This package provides code for the paper Simple and Effective Multi-Token Completion from Masked Language Models.
Paper: Simple and Effective Multi-Token Completion from Masked Language Models
Bibtex entry:
@inproceedings{DBLP:conf/eacl/KalinskyKLG23,
author = {Oren Kalinsky and
Guy Kushilevitz and
Alexander Libov and
Yoav Goldberg},
title = {Simple and Effective Multi-Token Completion from Masked Language Models},
booktitle = {Findings of the Association for Computational Linguistics: {EACL}
2023, Dubrovnik, Croatia, May 2-6, 2023},
pages = {2311--2324},
publisher = {Association for Computational Linguistics},
year = {2023},
url = {https://aclanthology.org/2023.findings-eacl.179},
timestamp = {Mon, 08 May 2023 14:38:37 +0200},
biburl = {https://dblp.org/rec/conf/eacl/KalinskyKLG23.bib},
bibsource = {dblp computer science bibliography, https://dblp.org}
}
- pip install -r requirements.txt
- pip install transformers==4.5.1 ray[default]==1.3.0 torch==1.8.1
- Update data_path in
configuration.py
to 's3://multi-token-completion'
To create the dataset you will first need to parse our released data by running mtc_model.
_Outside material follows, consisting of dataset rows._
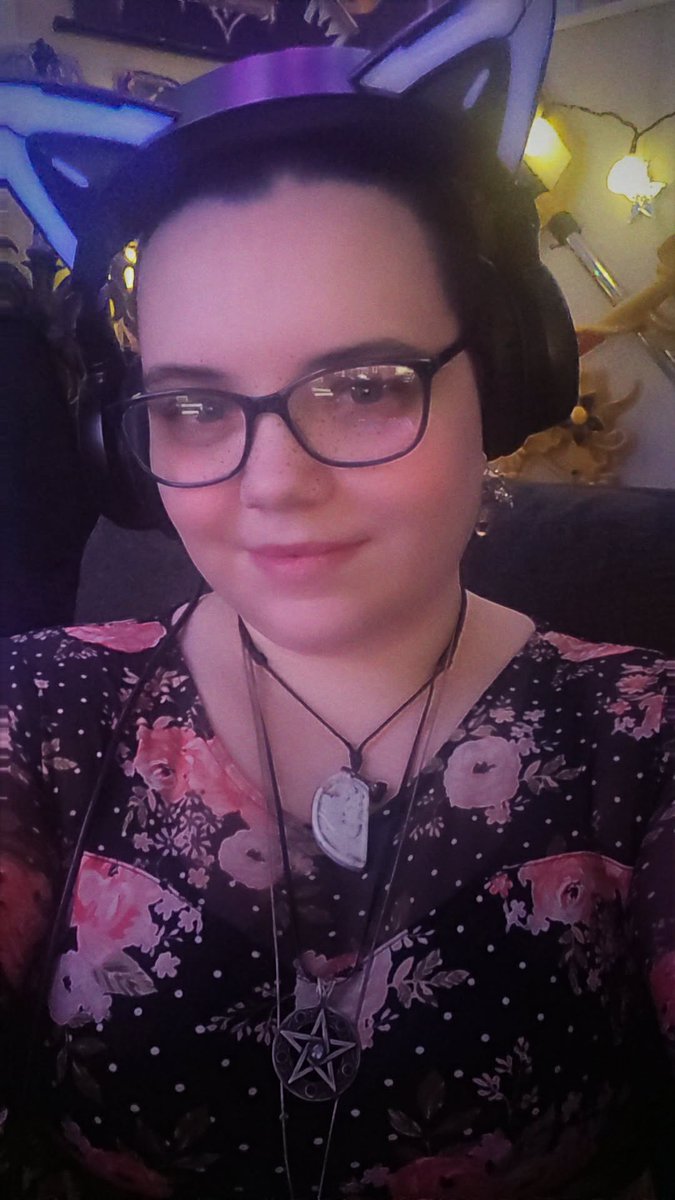 LostMasterIz | Live Now! | Content Creator | そら tweet media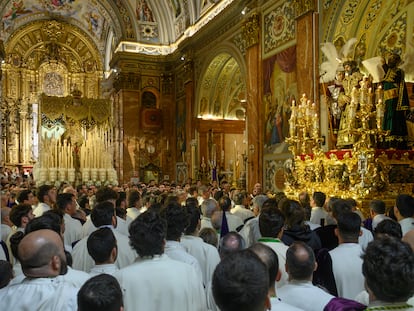 La Macarena y el Jesús de La Sentencia, dentro de la Basílica tras anularse la procesión por las lluvias intensas que se esperaban en Sevilla durante gran parte de la noche de Jueves Santo del año pasado.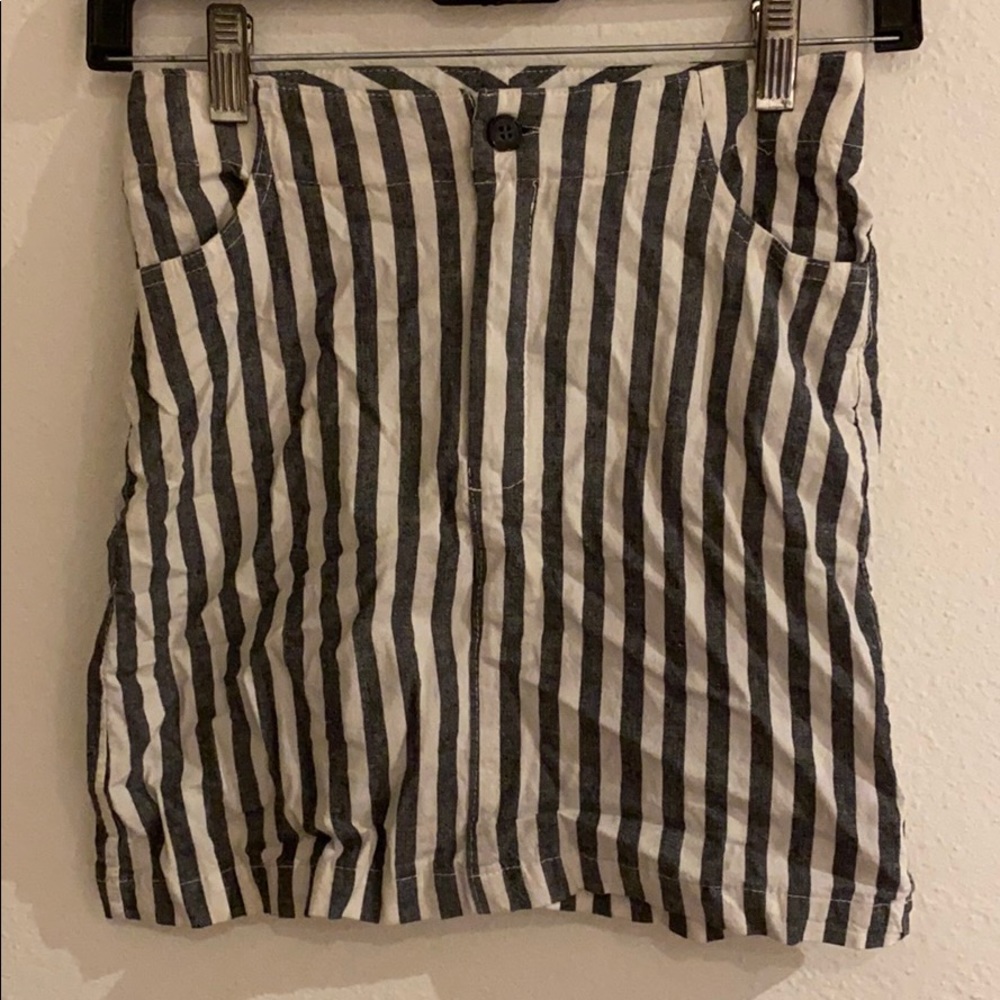 Brandy Melville stripped skirt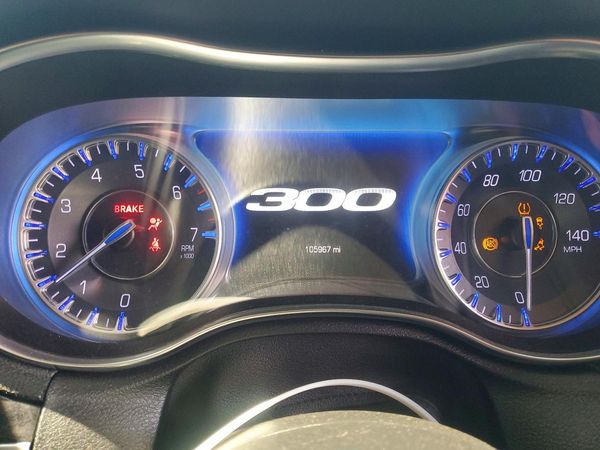 2020 CHRYSLER 300
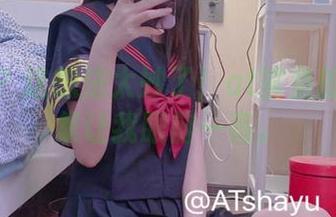 小背心？这想法太妙了！at鲨鱼的写真合集让我眼前一亮。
For example, to create the wikipedia dataset run: mtc_model.py --dataset_name wiki_pub
. This will create the preprocessed dataset under data/input_data_bert-base-cased_wiki_pub/
using bert-base-cased by default.
- RNN decoder - run
mtc_model.py --input_path data/input_data_bert-base-cased_wiki_pub/
- EMAT decoder - run
matrix_plugin.py --input_path data/input_data_bert-base-cased_wiki_pub/
- RNN decoder - run
test.py --dataset_path data/input_data_bert-base-cased_wiki_pub/ --ckpt <CHECKPOINT_PATH> --all
- EMAT decoder - run
matrix_plugin.py --input_path data/input_data_bert-base-cased_wiki_pub/ --ckpt <CHECKPOINT_PATH> --test
- T5 baseline - run
T5_constrained_generation.py
See CONTRIBUTING for more information.
This project is licensed under the Apache-2.0 License.